3' GAmES is a pipeline to refine and extend mRNA 3' end annotations using 3' end sequencing datasets. The details of the pipeline are in the figure below.
git clone https://github.com/poojabhat1690/refine-pipeline.git cd pipeline/pre-processing/
- cutadapt
- bedtools
- python
- R - above version 3.4 ggplot2
reshape2
reshape
checkmate
GenomicRanges
Biostrings
Please make sure to download annotations and format them before running this script (examples for annotations for mouse version mm10 and zebrafish version dr11 are here : ). Steps to obtaining an formatting the annotation for your favourite organism can be found below.
The script required to run the whole pipeline is beforeMapping.new.sh
beforeMapping.new.sh -a [adapter] -i [input directory] -o [output directory] -g [genome file] -t [threshold for priming sites] -u [ucscDir] -e [ensemblDir] -m [mode rnaseq p/s/S] -c [condition]
-a 3' adapter sequences that has to be removed using cutadapt
-i input directory containing two folders named - quantseq, rnaseq quantseq: contains *.fastq, *.fq.gz, *fq files. rnaseq: mapped, sorted and indexed bam files.
-o Output directory
-t threshold of the number of reads to define a priming site.
-u ucsc directory containing annotations downloaded from ucsc table browser.
-e ensembl directory containing ensembl annotations ontained from biomart.
-m mode of counting for RNAseq coverage, derived from bedtools multicov (s: counting on the same strand, p: paired end reads, S: counting on the opposite strand
-c condition of sample (example: timepoint or organism)
for 3' UTR annotations from UCSC genome browser (refSeq_mm10_3primeUTR.bed)

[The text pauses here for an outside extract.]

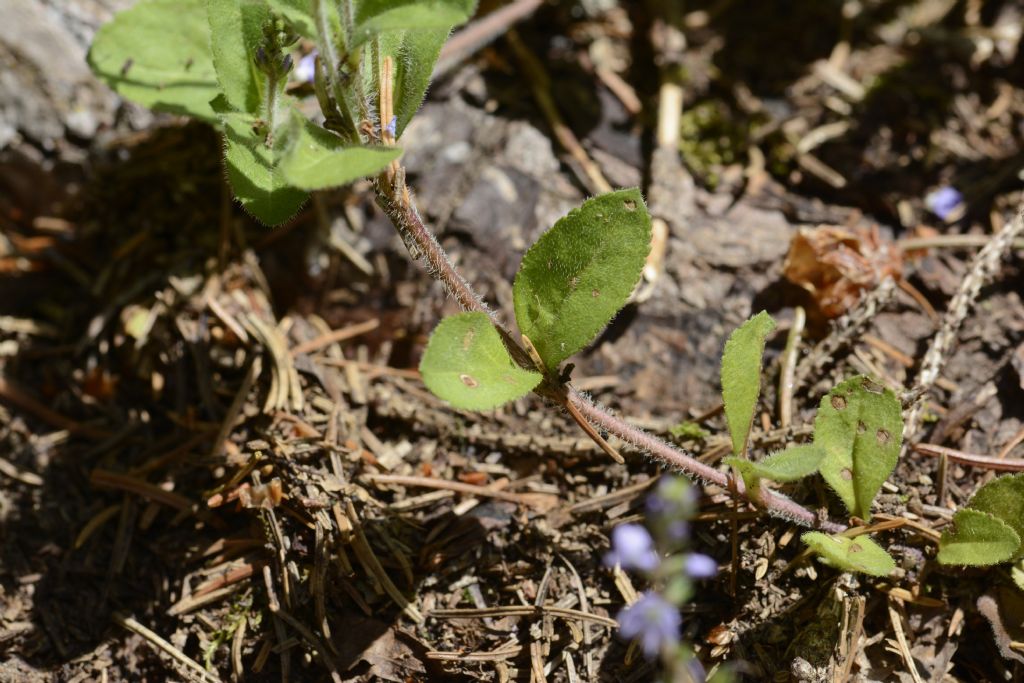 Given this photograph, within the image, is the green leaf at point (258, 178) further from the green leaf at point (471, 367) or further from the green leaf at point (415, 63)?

1. Form UCSC table browser, select:
a. clade = mammal
b. genome = mouse
c. assembly = Dec. 2011 (GRCm38/mm10)
d. group = genes and gene prediction
e. track = refSeq genes
f. table = refGene
2. select bed format and 3' UTR.
Also download the intron, exon and refFlat annotations from the ucsc genome browser. Further processing has been done in the script : pipeline/pre-processing/getAnnotations.Rmd
Ensembl annotations were retrieved from biomart, using RStudio using the script pipeline/pre-processing/getAnnotations.Rmd processing ensembl annotations
- get only protein coding genes based on transcript biotype : allTranscripts_proteinCoding.txt .

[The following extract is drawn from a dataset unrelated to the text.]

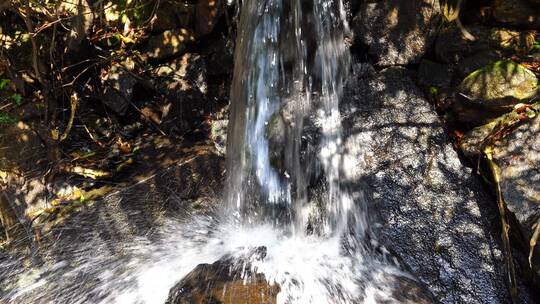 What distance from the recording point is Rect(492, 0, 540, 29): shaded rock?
4.11 m

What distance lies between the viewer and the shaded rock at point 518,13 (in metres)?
4.11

- get protein coding genes with annotated 3' UTRs : proteinCoding_annotatedUTRs.txt
- protein coding genes with un annotated 3' UTRs : proteinCoding_UnannotatedUTRs.txt
An example of the annotations required are provided in testdata/dr11. As of now 3' GAmES works with ensembl and refSeq annotations.
The ouput and all intermediate files are organized in the follwing folders:
- ends_greater90percent_intergenic_n100 : contains the high condience mRNA 3' ends
- allAnnotations.bed : 250nt counting windows (overlapping counting windows merged), used to count quantSeq reads.

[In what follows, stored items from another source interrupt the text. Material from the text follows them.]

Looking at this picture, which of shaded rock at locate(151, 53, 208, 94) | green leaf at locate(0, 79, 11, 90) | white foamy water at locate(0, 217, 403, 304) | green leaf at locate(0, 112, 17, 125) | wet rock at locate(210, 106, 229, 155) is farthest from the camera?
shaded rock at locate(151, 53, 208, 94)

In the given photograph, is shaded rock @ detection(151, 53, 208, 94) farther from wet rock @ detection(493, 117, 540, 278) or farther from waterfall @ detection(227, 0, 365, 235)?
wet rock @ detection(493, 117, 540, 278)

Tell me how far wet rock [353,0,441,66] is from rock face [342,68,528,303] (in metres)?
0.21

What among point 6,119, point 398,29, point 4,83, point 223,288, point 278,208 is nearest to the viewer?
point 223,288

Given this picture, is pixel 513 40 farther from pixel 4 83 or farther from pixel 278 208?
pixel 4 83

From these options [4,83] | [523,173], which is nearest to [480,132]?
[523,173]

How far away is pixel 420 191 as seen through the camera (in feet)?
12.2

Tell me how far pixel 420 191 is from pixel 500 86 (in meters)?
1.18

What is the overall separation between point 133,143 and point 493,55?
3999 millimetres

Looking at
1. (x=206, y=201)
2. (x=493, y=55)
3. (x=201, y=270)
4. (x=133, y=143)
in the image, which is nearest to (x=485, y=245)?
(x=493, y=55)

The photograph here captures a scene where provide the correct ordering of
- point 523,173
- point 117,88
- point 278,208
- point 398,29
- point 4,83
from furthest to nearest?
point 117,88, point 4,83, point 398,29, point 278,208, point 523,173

- countingWindows_transcriptionalOutput.bed : genomic loci to filter multimappers using SLAMdunk. These include all counting windows + all 3' UTRs + all extended counting windows.
- onlyIntergenic_90percent_n100: list of the intergenic counting windows created using presence of continuous RNAseq signal.
- including adapter trimmed, poly(A) tail filtered fastq files, mapped files
- priming sites
- priming sites overalapping with different annotations (ENSEMBL 3' UTRs, refSeq 3' UTRs, ENSEMBL introns, ENSEMBL exons, nonOverlapping).
contains nucleotide profiles for priming sites overlapping with annotations, sparated by presence or absence of the poly A signal (PAS) and separated by downstream genomic A content.
contains list of priming sites (filterd for low genomic A content), that overlap with un-annotated regions supported by RNAseq.